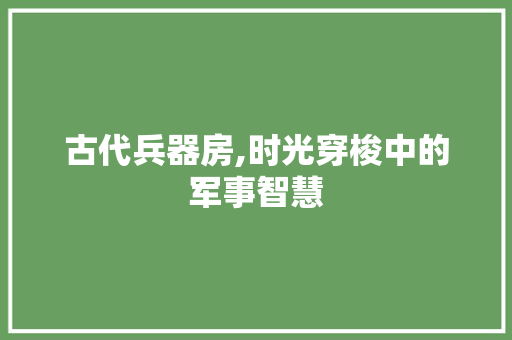古代兵器房,时光穿梭中的军事智慧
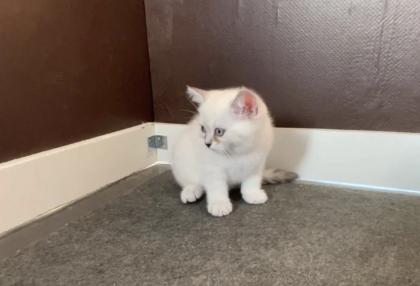 Abgabe bereite BKH blue point kitten Nur 1 männlich übrig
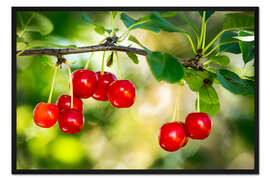 Gerahmter Kunstdruck Reife Kirschen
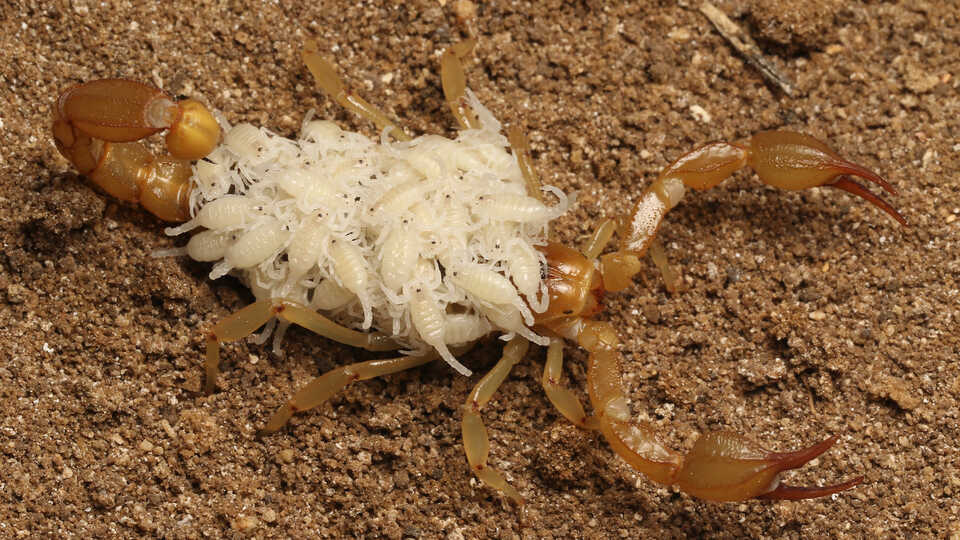 These California Teens Discovered Two New Scorpion Species | Smart News - Vimarsana News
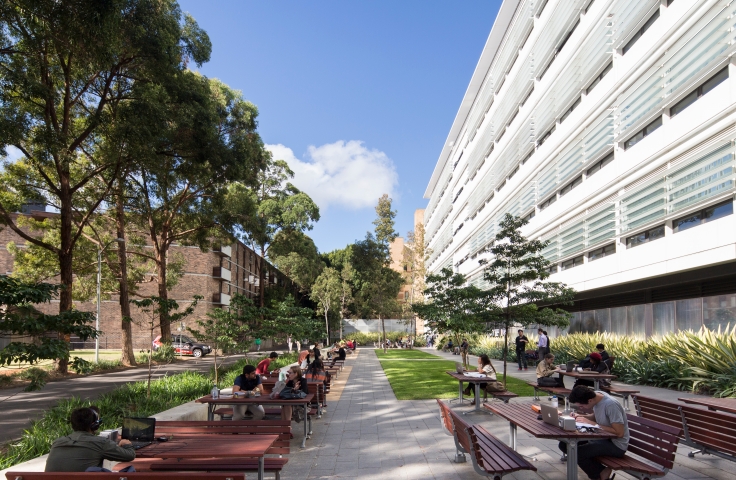 phd unsw business school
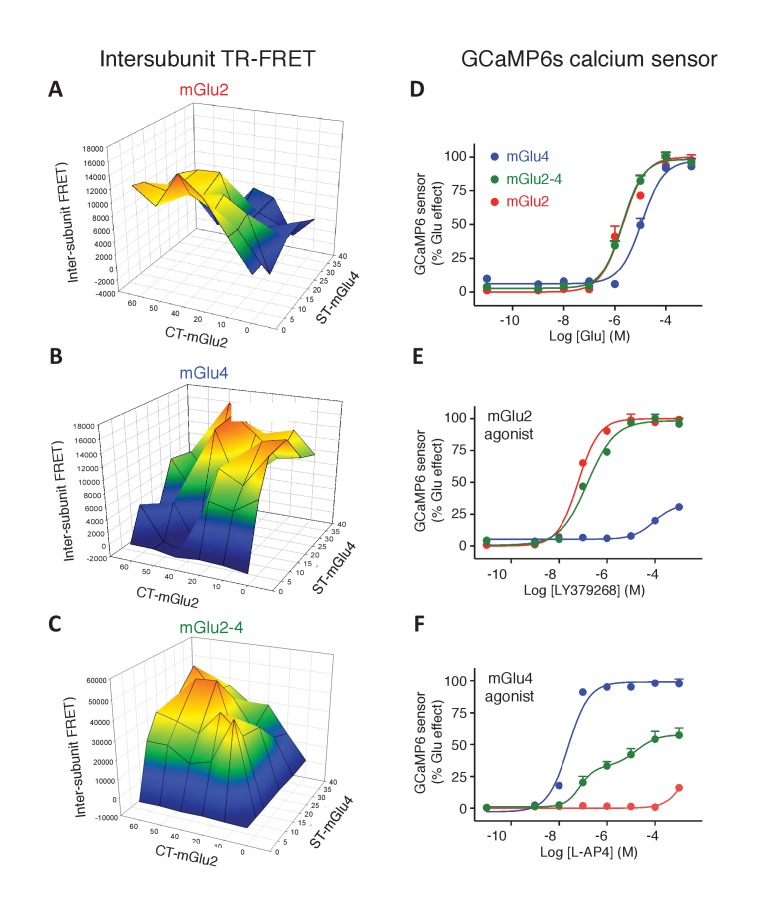 Figure 1—figure supplement 1.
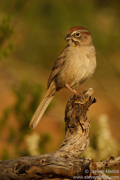 SONGBIRDS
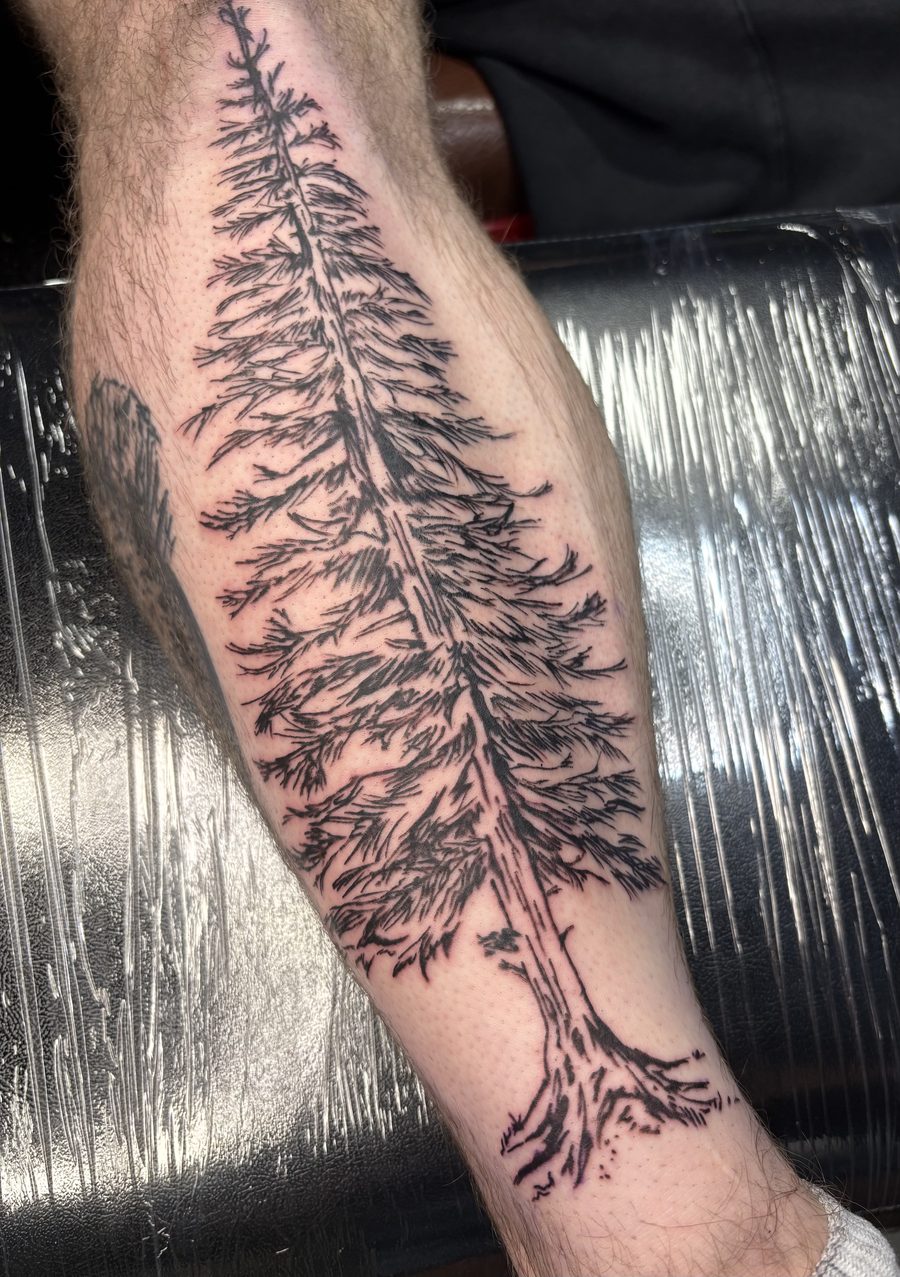Fine-line pine tree tattoo with roots, forearm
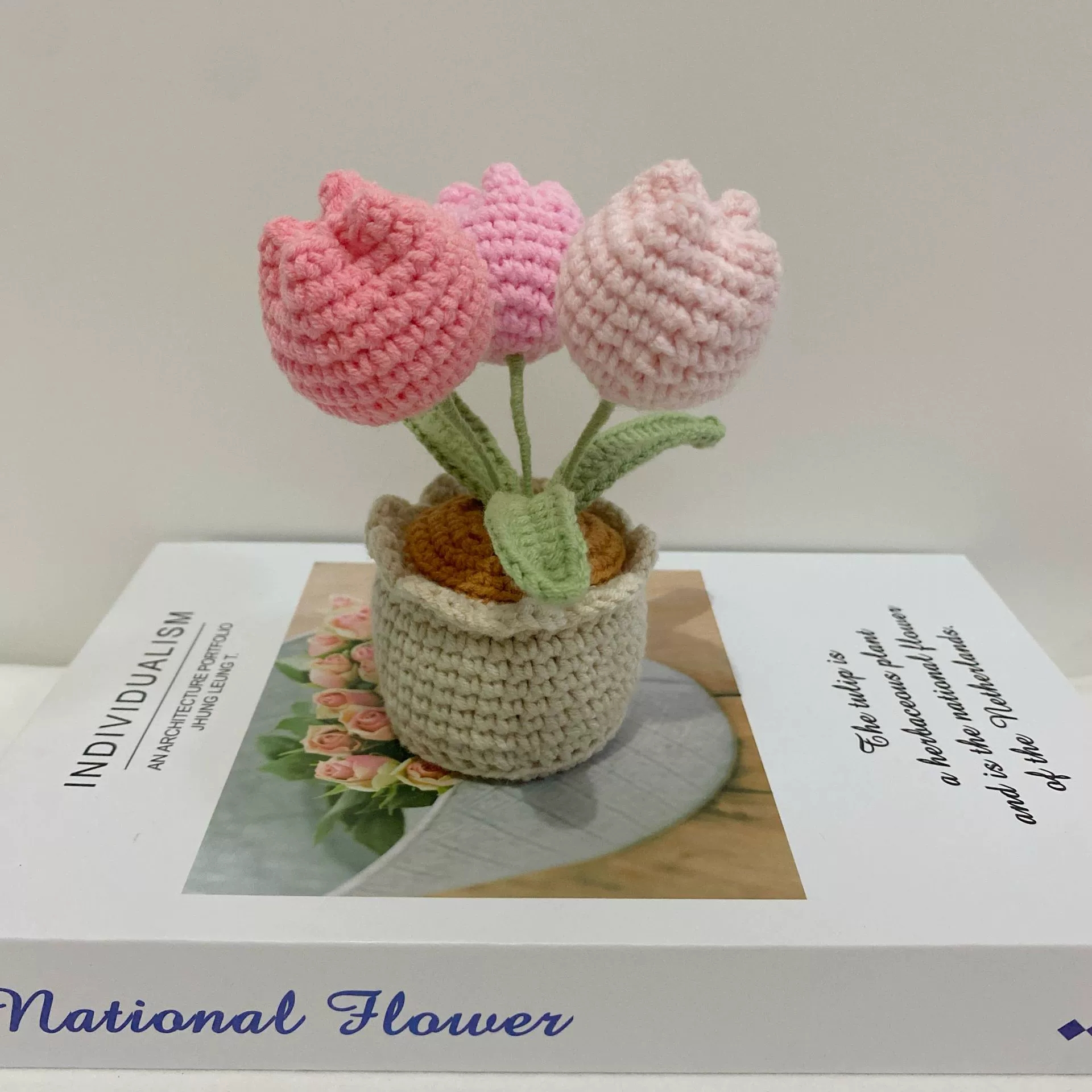 Crochet Flowers Bouquet Handmade Knitted Rose Tulip Bouquet With Clear Tote Bag and String Lights Happy Mother's Day Gift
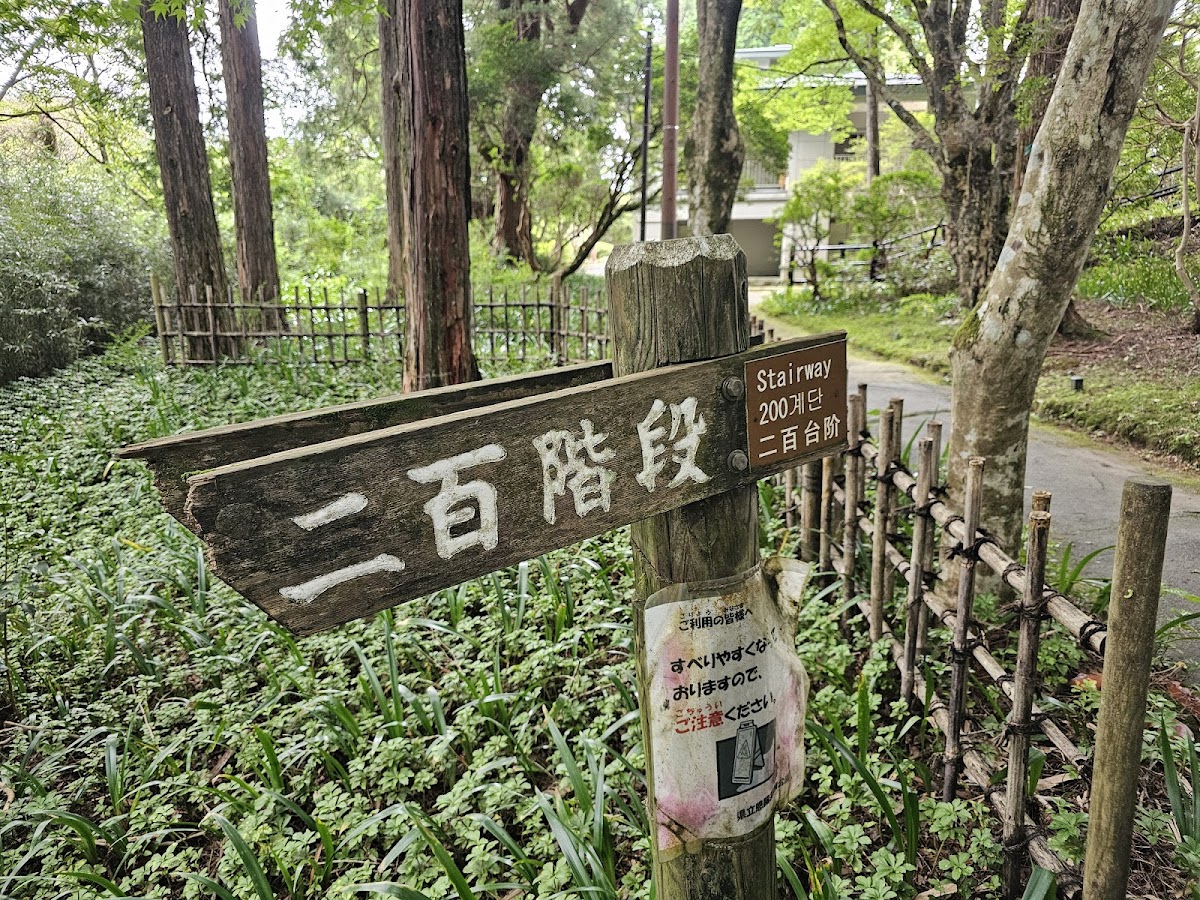 Nihyaku Kaidan (Stairs of Two Hundred Steps) 3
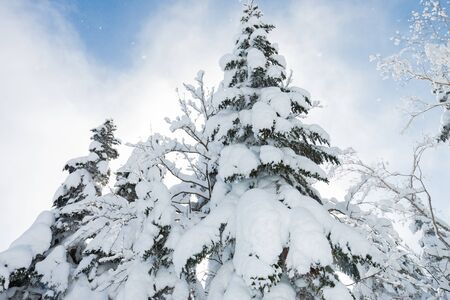 Beautiful winter landscape with snow covered trees, wonderful winter in snowfall day.の写真素材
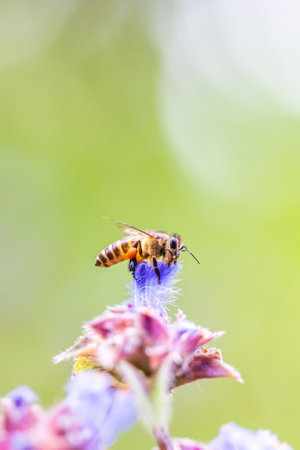 Close-up of an Asian honeybee collecting pollen on a wildflower on the springtime morning, pollen on her legs, known as pollen baskets. Northern Thailand.の写真素材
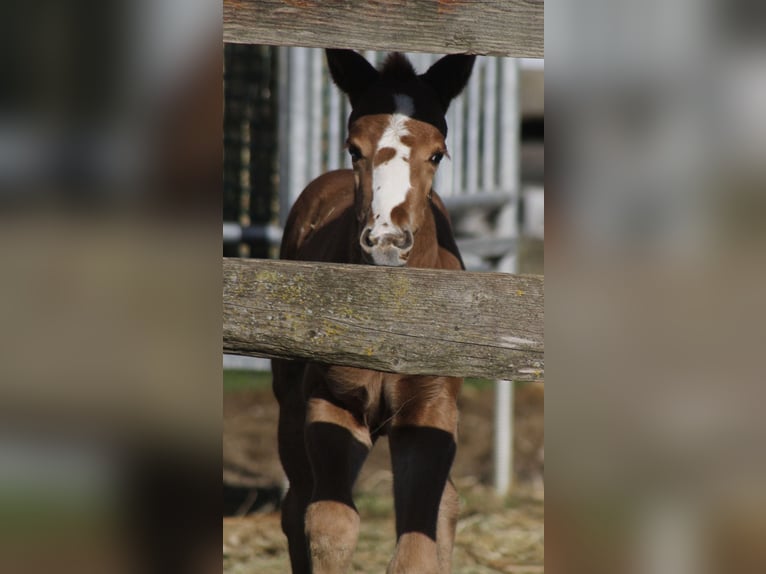 Paint Horse Jument 2 Ans 150 cm Alezan brûlé in WarburgWarburg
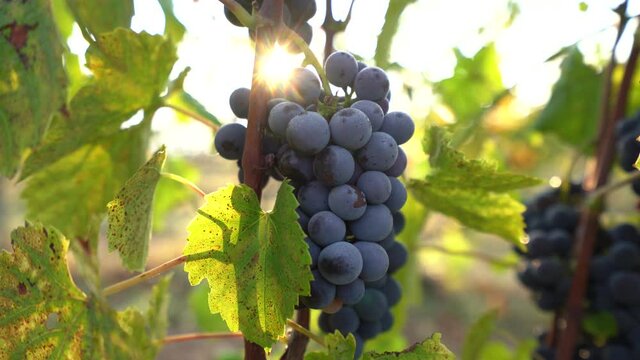Perfect Red Bunch of Grapes in Field of vineyard during sunrise - close up selective focus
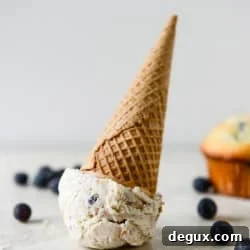 Blueberry Muffin Ice Cream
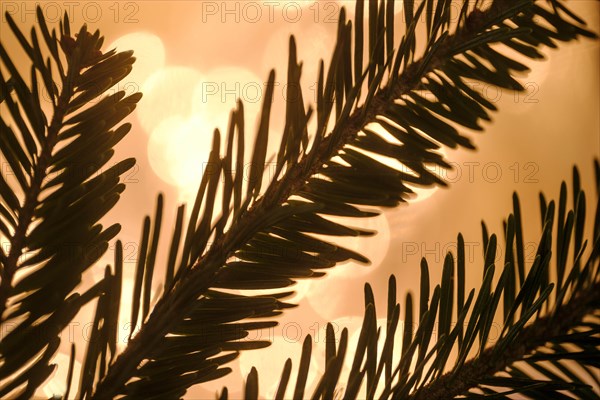 Close up of pine fronds against lights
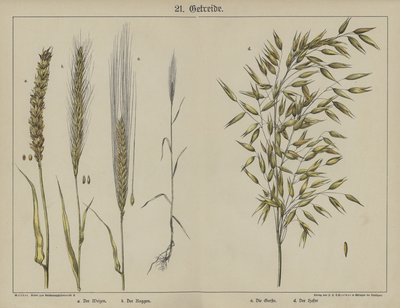 Bitkiler (renkli taş) by German School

◆ ◆ ◆ ◆ ◆ ◆ ◆

Instructions for the task »
Exclude images. Return the data above verbatim.

Reply »
古代兵器房,时光穿梭中的军事智慧
 Abgabe bereite BKH blue point kitten Nur 1 männlich übrig
 Gerahmter Kunstdruck Reife Kirschen
 These California Teens Discovered Two New Scorpion Species | Smart News - Vimarsana News
 phd unsw business school
 Figure 1—figure supplement 1.
 SONGBIRDS
Fine-line pine tree tattoo with roots, forearm
 Crochet Flowers Bouquet Handmade Knitted Rose Tulip Bouquet With Clear Tote Bag and String Lights Happy Mother's Day Gift
 Nihyaku Kaidan (Stairs of Two Hundred Steps) 3
 Beautiful winter landscape with snow covered trees, wonderful winter in snowfall day.の写真素材
 Close-up of an Asian honeybee collecting pollen on a wildflower on the springtime morning, pollen on her legs, known as pollen baskets. Northern Thailand.の写真素材
 Paint Horse Jument 2 Ans 150 cm Alezan brûlé in WarburgWarburg
Perfect Red Bunch of Grapes in Field of vineyard during sunrise - close up selective focus
 Blueberry Muffin Ice Cream
 Close up of pine fronds against lights
 Bitkiler (renkli taş) by German School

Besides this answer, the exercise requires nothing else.